I wish I could give you more details, but I must leave that to the Concertgebouw orchestra and their distributors.
Hope you enjoy the releases once they arrive -- and thanks for your (sic) patience!"
I am generally a fan of RCO Live, and I have many disks from their SACD catalog. Some are superlative, the others merely quite decent and still worth having.
I am also deeply into Blu-ray concert releases, and I have access to and I have watched the majority of classical Blu-rays, most of which I treasure as a musical experience. There are perhaps only about 400 or so releases there in the classical repertoire, including concerts, recitals, operas and ballets.
What boggles the mind, though, is that the RCO would put another Mahler cycle on Blu-ray on the heels of a truly superb and excellent one by Abbado and the Lucerne Festival. It is often the same story on SACD, where, in spite of all the holes in the repertoire, we get Mahler cycles in superabundance.

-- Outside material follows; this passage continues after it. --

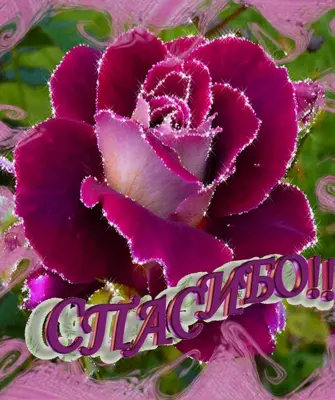 Цветы для Людочки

I will be delighted to see the RCO on BR, such as the recent Shostakovich 8th, but somehow I am doubting they are going to be able to outdo Maestro Abbodo on Mahler. But, does it take a marketing genius to figure out that there is no Brahms Symphony cycle on BR? Apparently, it does, so it is to be another Mahler cycle.
I have nothing against Mahler, who was indeed a great composer. But, there are many other great composers, too. I just fail to understand why he should be over represented, at the expense of others, in niche media such as BR and SACD.